A resposta veio em forma de um jato de água direto no rosto. A força da brincadeira foi tamanha que Romeu foi lançado e caiu sobre a copa de uma árvore próxima.
— Nossa! — Exclamou Julius, impressionado. — Romeu?! Romeu?!
— Aqui! — Romeu acenava do alto da árvore, rindo. — Que demais! Faz de novo!
Determinado a testar seus próprios poderes, Romeu se equilibrou sobre os galhos e saltou com tudo em direção a Julius. O impulso, no entanto, foi mais forte do que o esperado, e ele caiu do outro lado do riacho, espalhando água por todos os lados.
— Nossos poderes estão ficando mais fortes! — Gritou Julius, animado.
— Quase isso! — Respondeu Romeu, correndo de volta e o beijando novamente. Dessa vez, sem pressa, sem pudores.
— Olha. — Disse Julius, rindo e dando um soquinho no ombro de Romeu — Posso te mandar pra cima de uma árvore de novo, se quiser.
O clima leve e apaixonado foi interrompido por uma explosão ensurdecedora.

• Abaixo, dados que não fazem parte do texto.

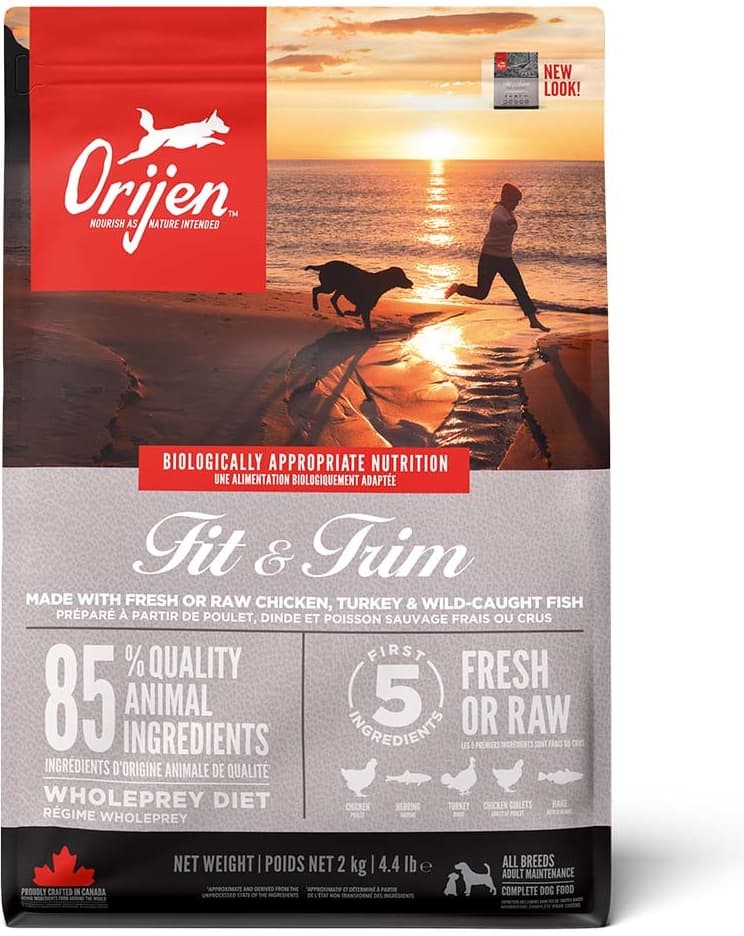 Orijen Fit & Trim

Eles vestiram as roupas às pressas e correram na direção do acampamento. Uma densa fumaça verde cobria tudo. Julius buscava suas espadas, enquanto Romeu tentava entender o que havia acontecido.
Na clareira próxima, Bartolomeu e Clarisse apareceram, ambos confusos. O cheiro forte e a névoa espessa indicavam algo perigoso, e todos pensaram no pior: um ataque de Cen.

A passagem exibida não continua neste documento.